▶ [Problem requirements]: Repeat exactly, and only, the lines of the entries below from the one with "2015 Coleman EXPEDITION CTS192RD" through the one with "Viz Media to", both ends included.

▶ [Data excerpts]:
____________
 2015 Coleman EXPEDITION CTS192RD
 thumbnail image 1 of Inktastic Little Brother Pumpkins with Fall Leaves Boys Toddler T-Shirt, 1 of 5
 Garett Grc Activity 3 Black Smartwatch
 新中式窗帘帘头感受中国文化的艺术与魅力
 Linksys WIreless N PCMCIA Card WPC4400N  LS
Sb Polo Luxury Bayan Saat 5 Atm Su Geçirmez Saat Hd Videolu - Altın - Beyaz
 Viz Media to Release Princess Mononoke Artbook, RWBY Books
____________
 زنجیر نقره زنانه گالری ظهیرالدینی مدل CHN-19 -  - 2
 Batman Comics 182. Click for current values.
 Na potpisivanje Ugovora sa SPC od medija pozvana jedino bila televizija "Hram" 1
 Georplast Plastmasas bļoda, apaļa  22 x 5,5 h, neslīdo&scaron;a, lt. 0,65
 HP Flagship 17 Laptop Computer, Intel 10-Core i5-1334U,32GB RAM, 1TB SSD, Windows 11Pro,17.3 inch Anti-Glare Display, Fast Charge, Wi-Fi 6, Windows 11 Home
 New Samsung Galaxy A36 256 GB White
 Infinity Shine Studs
____________
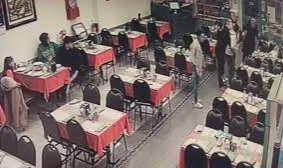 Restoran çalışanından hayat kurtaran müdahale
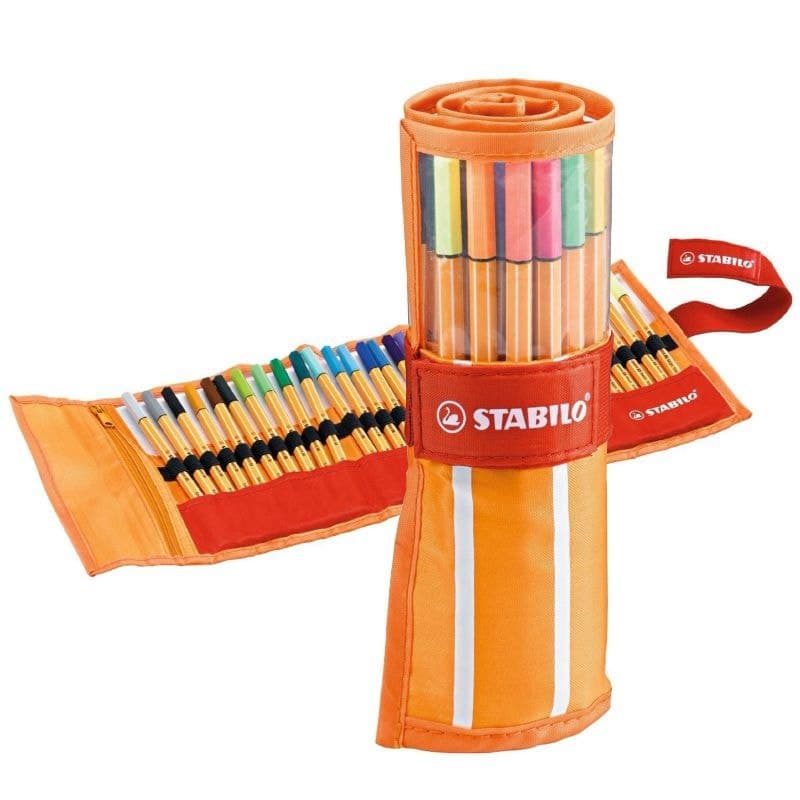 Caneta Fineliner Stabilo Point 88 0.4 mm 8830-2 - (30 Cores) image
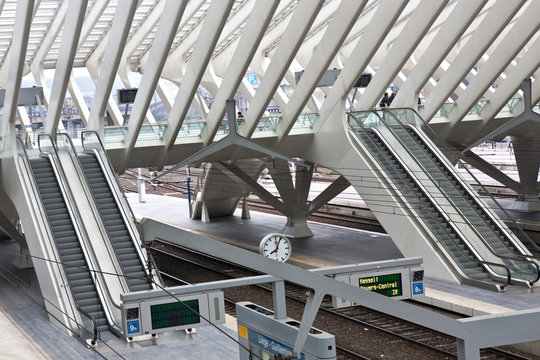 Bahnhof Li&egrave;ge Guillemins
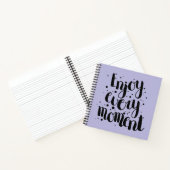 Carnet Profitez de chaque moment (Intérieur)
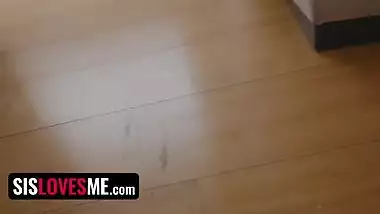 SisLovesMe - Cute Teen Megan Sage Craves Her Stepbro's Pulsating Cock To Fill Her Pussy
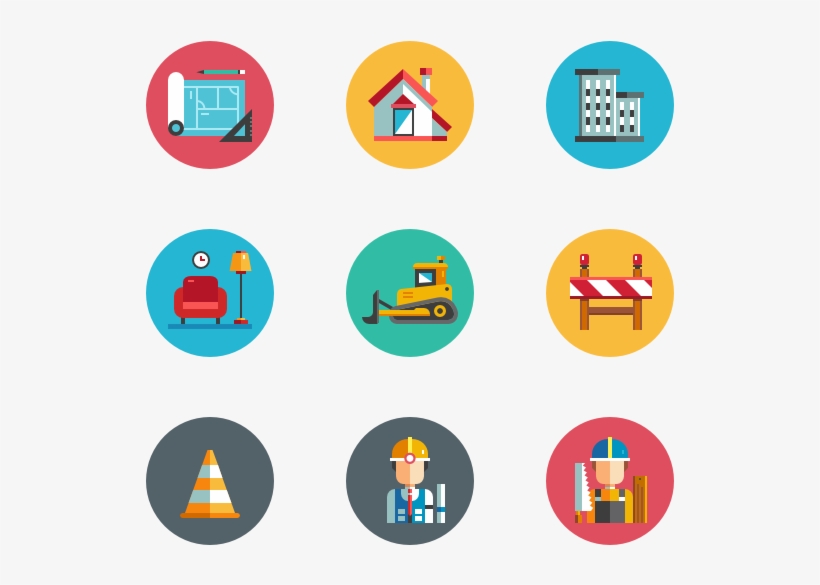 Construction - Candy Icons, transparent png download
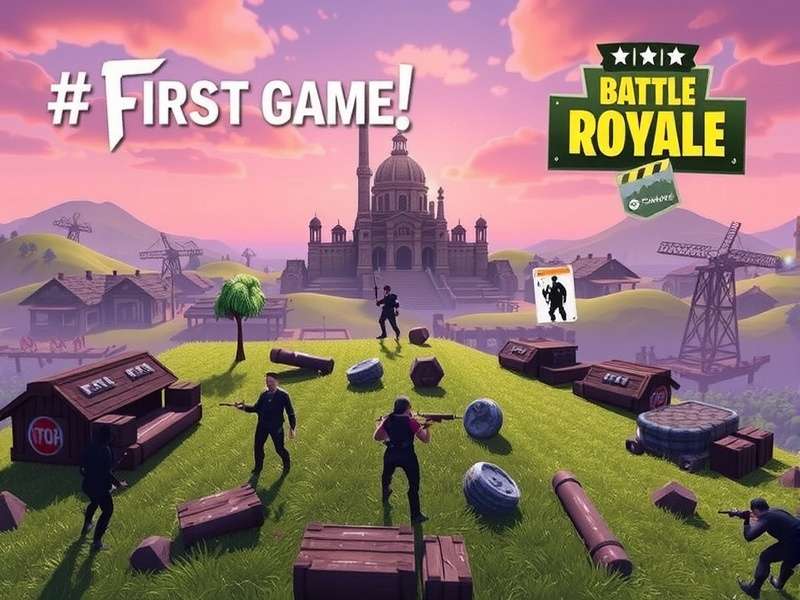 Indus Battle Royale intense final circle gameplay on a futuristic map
____________
▶ [Problem solution]:
 2015 Coleman EXPEDITION CTS192RD
 thumbnail image 1 of Inktastic Little Brother Pumpkins with Fall Leaves Boys Toddler T-Shirt, 1 of 5
 Garett Grc Activity 3 Black Smartwatch
 新中式窗帘帘头感受中国文化的艺术与魅力
 Linksys WIreless N PCMCIA Card WPC4400N  LS
Sb Polo Luxury Bayan Saat 5 Atm Su Geçirmez Saat Hd Videolu - Altın - Beyaz
 Viz Media to Release Princess Mononoke Artbook, RWBY Books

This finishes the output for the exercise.